▶ [Records shown]:
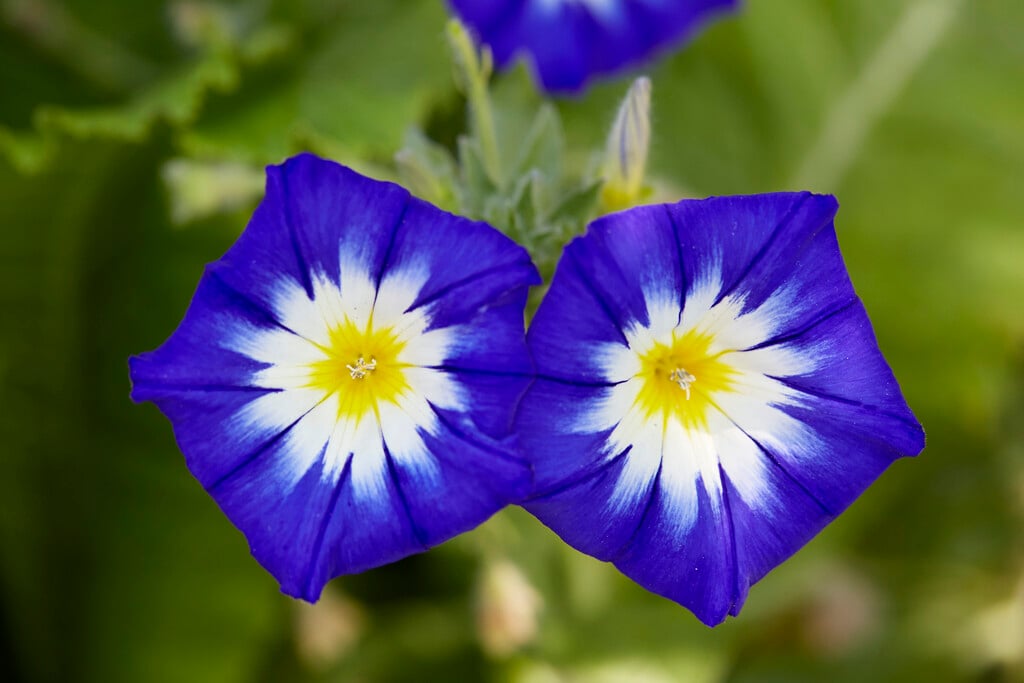 <i>Convolvulus</i> <i>tricolor</i> 'Royal Ensign'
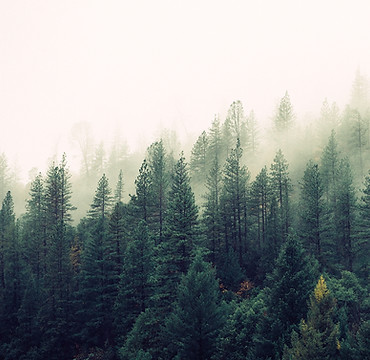 Misty Woodland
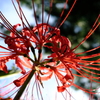 真紅の花火
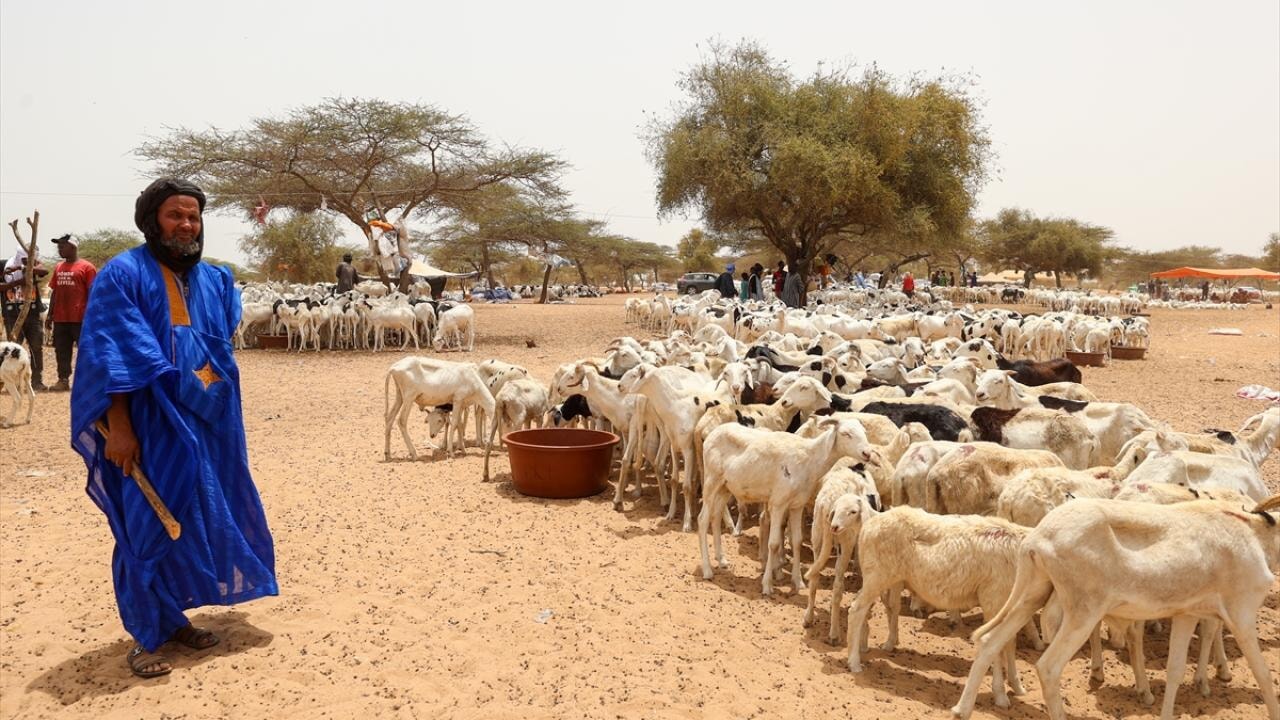 Senegal'de Kurban Bayramı yaklaşırken ilginç görüntüler yaşanıyor
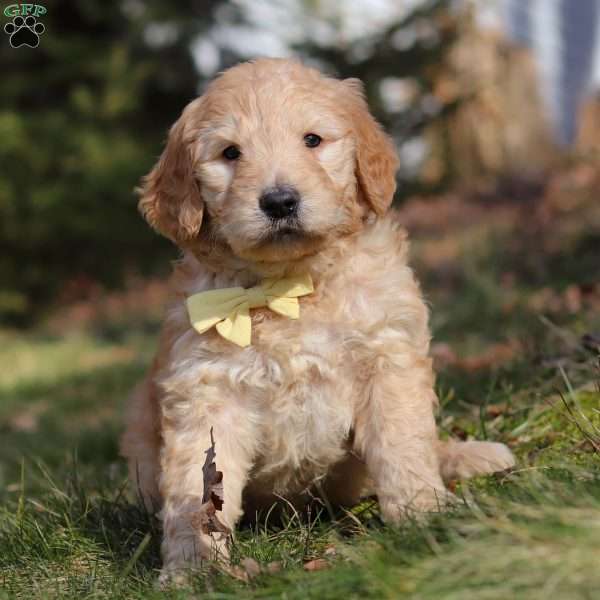 Parker, Goldendoodle Puppy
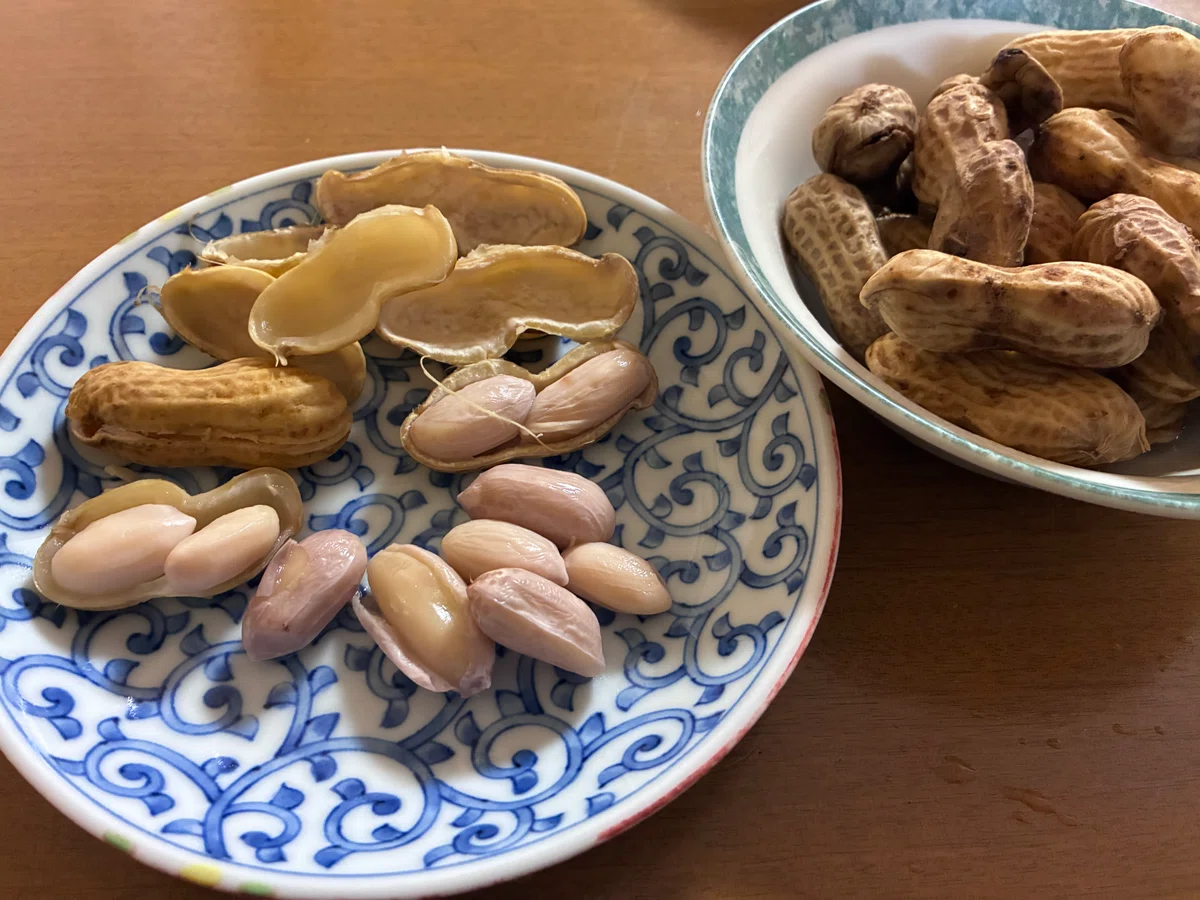 172⭐️A Story About Harvesting Autumn's Bounty: Peanuts｜局長のひとりごと｜人生の一滴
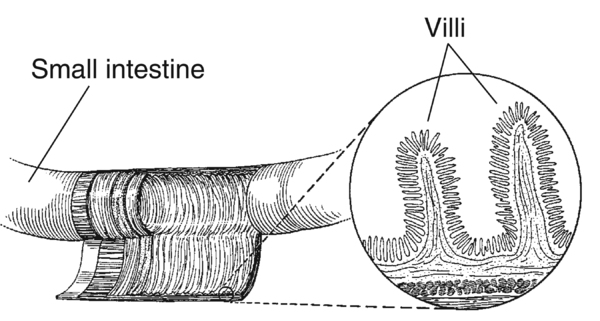 Drawing of a section of the small intestine with detail of villi, both of which are labeled.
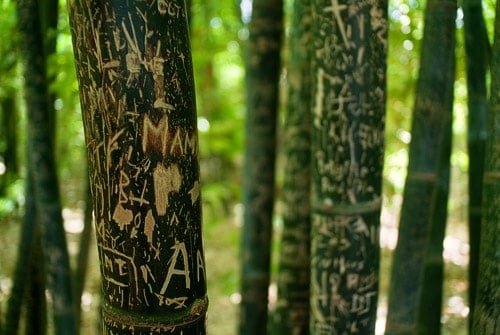 Bambú repleto de leyendas de los visitantes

▶ [Task to complete]:
The result should be the same data as above, line for line, with the pictures gone.

▶ [Solution]:
 <i>Convolvulus</i> <i>tricolor</i> 'Royal Ensign'
 Misty Woodland
 真紅の花火
 Senegal'de Kurban Bayramı yaklaşırken ilginç görüntüler yaşanıyor
 Parker, Goldendoodle Puppy
 172⭐️A Story About Harvesting Autumn's Bounty: Peanuts｜局長のひとりごと｜人生の一滴
 Drawing of a section of the small intestine with detail of villi, both of which are labeled.
 Bambú repleto de leyendas de los visitantes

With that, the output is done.